▶ Task details:
Using the listing that follows, return every line with the word "sale".

|---|

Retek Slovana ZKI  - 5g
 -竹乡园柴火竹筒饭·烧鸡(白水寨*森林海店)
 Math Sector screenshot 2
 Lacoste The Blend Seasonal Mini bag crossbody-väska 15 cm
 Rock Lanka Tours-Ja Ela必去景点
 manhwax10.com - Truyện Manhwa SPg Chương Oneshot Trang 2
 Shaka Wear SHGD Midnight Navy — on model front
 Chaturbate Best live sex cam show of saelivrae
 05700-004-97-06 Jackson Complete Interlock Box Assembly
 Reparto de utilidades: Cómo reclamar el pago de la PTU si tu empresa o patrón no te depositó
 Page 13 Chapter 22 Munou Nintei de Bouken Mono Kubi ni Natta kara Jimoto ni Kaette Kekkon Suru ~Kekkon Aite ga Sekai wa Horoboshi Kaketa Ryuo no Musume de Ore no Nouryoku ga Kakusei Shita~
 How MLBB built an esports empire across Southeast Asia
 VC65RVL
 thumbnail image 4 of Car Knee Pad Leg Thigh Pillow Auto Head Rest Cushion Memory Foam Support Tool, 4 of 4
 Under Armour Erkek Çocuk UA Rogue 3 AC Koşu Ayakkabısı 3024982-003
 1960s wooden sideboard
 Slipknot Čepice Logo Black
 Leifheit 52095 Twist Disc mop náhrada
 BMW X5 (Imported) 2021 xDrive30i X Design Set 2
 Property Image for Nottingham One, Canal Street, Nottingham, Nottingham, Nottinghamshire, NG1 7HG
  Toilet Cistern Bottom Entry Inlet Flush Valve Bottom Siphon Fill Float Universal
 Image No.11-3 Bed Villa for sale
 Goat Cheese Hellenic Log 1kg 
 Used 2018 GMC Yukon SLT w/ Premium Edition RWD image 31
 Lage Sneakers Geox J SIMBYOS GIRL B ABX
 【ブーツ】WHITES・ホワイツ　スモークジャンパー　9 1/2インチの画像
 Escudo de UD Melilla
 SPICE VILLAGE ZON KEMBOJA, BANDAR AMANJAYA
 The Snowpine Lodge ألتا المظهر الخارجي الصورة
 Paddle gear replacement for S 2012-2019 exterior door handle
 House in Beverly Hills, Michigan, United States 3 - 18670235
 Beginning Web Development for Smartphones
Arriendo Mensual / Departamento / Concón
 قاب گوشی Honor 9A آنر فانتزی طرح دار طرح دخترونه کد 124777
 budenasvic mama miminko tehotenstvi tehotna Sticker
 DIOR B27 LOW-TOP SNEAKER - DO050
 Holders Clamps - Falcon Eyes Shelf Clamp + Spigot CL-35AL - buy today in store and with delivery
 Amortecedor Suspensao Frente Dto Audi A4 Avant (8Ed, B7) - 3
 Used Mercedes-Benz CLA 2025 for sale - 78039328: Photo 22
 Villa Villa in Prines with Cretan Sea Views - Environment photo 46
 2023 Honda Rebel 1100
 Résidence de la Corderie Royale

|---|

▶ Answer space:
 Image No.11-3 Bed Villa for sale
 Used Mercedes-Benz CLA 2025 for sale - 78039328: Photo 22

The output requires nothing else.